Global Agenda: Too big for trial
By PINCHAS LANDAU
03/07/2013 23:20
The American case is remarkable because the power of the banks, channeled via their lobbyists is easy to identify for anyone who looks.
Dollar bills. Photo: Steve Marcus / Reuters
If you think the fact that the Dow Jones Industrial Average this week made a new
all-time record closing high proves, or even indicates, that the American
economy is on the mend, then skip this, it’s really not for you.
If, on
the other hand, you believe, or even suspect, that the financial markets are no
longer functional and therefore indicate nothing and prove only that the entire
financial system is rigged, then you will not be surprised at what
follows.
As an aside, the view that the markets have been rendered
dysfunctional is not a fringe or weirdo view held by nutters and propagated by
political extremists, nor has it been for some time. Just this week, no less a
figure than Stanley Druckenmiller – George Soros’s partner in the Quantum funds,
in which they both made fortunes, and no less smart, although definitely less
prominent – noted that when the price of the most important financial instrument
(meaning the long US Treasury bond) is being overtly manipulated (by massive Fed
purchases), all the markets and the prices they generate are warped and hence
meaningless.
The official line is that the Fed and other central banks
are pursuing policies of monetary expansion on an unprecedented scale in order
to prevent a financial and economic disaster on the scale of the depression in
the 1930s and to help their economies recover and begin growing “naturally”

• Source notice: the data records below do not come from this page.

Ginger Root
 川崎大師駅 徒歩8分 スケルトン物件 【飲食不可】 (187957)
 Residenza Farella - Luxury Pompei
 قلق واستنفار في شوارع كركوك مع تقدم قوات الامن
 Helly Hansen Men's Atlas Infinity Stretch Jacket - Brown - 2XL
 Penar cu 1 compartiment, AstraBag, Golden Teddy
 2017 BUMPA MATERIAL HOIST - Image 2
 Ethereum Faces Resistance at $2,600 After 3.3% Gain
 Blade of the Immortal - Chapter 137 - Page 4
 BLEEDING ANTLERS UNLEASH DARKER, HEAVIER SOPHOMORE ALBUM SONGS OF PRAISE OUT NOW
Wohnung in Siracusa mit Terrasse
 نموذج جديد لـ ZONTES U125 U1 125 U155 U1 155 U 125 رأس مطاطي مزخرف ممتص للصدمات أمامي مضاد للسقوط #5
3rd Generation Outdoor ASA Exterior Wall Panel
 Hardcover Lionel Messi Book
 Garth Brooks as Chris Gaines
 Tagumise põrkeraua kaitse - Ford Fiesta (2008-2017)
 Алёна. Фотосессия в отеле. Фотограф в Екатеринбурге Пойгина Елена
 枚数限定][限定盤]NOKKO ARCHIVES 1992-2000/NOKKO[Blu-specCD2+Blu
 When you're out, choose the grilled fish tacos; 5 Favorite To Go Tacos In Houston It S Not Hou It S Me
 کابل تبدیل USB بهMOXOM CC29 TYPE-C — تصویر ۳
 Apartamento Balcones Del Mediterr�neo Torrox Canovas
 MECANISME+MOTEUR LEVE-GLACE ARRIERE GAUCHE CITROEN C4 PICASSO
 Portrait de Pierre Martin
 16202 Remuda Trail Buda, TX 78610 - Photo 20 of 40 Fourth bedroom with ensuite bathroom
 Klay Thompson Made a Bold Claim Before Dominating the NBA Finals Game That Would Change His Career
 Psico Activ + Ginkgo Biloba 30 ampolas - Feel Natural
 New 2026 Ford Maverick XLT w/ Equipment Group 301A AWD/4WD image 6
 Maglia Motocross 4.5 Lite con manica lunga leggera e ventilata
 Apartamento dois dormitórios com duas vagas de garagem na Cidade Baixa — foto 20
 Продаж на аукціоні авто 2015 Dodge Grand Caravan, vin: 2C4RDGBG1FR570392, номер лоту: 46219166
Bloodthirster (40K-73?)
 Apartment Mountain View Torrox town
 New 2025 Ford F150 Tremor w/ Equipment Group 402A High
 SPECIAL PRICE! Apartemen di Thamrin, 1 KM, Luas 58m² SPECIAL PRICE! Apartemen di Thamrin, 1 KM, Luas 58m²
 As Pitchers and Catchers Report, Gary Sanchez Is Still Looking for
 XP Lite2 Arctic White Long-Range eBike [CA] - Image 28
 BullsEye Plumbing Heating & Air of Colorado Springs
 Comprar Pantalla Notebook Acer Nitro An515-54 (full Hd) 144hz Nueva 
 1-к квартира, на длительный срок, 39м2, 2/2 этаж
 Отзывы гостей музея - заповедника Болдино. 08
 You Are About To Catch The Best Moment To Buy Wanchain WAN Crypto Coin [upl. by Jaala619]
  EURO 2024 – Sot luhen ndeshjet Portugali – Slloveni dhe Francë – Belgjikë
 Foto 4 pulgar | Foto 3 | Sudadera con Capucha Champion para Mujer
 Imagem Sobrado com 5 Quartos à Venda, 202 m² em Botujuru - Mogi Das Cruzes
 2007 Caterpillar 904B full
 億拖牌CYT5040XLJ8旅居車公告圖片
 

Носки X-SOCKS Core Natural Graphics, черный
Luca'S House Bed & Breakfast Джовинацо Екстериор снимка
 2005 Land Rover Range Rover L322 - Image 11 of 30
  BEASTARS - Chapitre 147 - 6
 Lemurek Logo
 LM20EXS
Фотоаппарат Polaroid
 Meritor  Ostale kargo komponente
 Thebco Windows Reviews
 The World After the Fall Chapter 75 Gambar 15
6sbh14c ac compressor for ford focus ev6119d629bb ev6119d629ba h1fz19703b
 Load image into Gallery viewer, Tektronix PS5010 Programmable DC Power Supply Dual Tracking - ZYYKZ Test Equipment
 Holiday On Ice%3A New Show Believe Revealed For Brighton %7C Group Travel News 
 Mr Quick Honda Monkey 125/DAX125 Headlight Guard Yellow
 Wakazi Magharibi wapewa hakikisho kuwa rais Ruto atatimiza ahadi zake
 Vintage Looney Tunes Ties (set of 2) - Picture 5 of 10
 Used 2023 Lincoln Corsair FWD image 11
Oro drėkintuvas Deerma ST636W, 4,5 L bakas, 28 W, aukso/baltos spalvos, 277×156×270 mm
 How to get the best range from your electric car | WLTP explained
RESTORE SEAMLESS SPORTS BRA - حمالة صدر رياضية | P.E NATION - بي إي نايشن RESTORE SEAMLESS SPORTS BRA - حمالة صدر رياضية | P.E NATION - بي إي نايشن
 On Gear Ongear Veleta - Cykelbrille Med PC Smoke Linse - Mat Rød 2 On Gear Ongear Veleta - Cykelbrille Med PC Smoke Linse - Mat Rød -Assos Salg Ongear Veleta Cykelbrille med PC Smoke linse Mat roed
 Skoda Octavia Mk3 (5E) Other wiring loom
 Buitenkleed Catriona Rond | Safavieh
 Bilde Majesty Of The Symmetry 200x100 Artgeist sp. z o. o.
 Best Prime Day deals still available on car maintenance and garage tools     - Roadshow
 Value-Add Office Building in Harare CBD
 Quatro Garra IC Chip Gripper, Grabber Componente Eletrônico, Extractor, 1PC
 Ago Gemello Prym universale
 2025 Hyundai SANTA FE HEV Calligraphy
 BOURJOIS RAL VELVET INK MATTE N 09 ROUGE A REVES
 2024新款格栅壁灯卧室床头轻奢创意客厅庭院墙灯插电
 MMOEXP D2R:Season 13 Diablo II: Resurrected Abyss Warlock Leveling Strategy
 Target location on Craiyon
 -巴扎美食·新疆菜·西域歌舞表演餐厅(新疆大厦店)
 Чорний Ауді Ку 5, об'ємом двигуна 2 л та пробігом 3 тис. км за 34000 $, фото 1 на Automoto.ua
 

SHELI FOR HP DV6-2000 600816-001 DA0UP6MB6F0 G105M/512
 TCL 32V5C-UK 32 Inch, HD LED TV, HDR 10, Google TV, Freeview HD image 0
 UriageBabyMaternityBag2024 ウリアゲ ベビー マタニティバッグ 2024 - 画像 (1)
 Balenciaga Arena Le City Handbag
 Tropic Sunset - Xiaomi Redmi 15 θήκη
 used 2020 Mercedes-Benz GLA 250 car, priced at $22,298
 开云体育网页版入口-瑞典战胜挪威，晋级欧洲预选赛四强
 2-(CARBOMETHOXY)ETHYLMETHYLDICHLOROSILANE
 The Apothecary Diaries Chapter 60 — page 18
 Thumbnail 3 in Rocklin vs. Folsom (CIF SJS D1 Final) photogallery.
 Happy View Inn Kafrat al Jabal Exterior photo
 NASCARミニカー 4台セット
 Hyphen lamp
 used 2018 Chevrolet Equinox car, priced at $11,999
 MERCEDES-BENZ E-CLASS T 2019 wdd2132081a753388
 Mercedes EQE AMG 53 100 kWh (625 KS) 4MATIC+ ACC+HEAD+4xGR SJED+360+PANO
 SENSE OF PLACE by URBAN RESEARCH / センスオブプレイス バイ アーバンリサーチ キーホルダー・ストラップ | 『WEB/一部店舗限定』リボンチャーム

again. However, these policies have not had a uniformly beneficial effect.
Indeed, their impact has been massively skewed in favor of the wealthy because
their declared aim has been to generate a “wealth effect,” in which people feel
their financial situation to be improving and are thus encouraged to go out and
spend more heavily – and to take on additional debt to finance the
spending.
All this is relevant for those households that have wealth,
whether real assets (primarily homes and other real estate) or financial ones
(shares and bonds). But the great majority of the American population does not
have wealth, nor is its income growing. Therefore its share of the benefits of
the expansionary policies has been limited or nonexistent – as the rates of
unemployment, underemployment, reliance on government support schemes and other
measures graphically illustrate.
Indeed, there are many people who
believe that the Fed’s policy is aimed primarily at propping up the banking
system and, in particular, at enabling the biggest banks to regain the very high
profitability that characterized them before the crash. The main beneficiaries
of these profits, as is well known, are the senior managers, followed by the
staff as a whole – not the shareholders and certainly not the
taxpayers.
But it is the taxpayers who pick up the tab if – make that
when – the banks’ reckless behavior gets them into trouble.
This is
primarily true of the biggest banks, whose “systemic importance” makes them “too
big to fail” because no government can allow them to collapse and take the
entire economy with them. The banks know they will be bailed out and act
accordingly by taking big risks with other people’s money.
The concept of
“too big to fail” is by no means unique to the US. But the American case is
remarkable because the power of the banks, channeled via their lobbyists in
Washington, is so easy to identify for anyone who cares to look.
They
have systematically neutered the post-crash legislative proposals that would
have significantly reduced their profits and power. And, better still from their
point of view, they have strangled the regulatory agencies that could and should
constrain them, their activities and their clout.
An outstanding example
of this successful defense against potential enemies was the bank lobbyists’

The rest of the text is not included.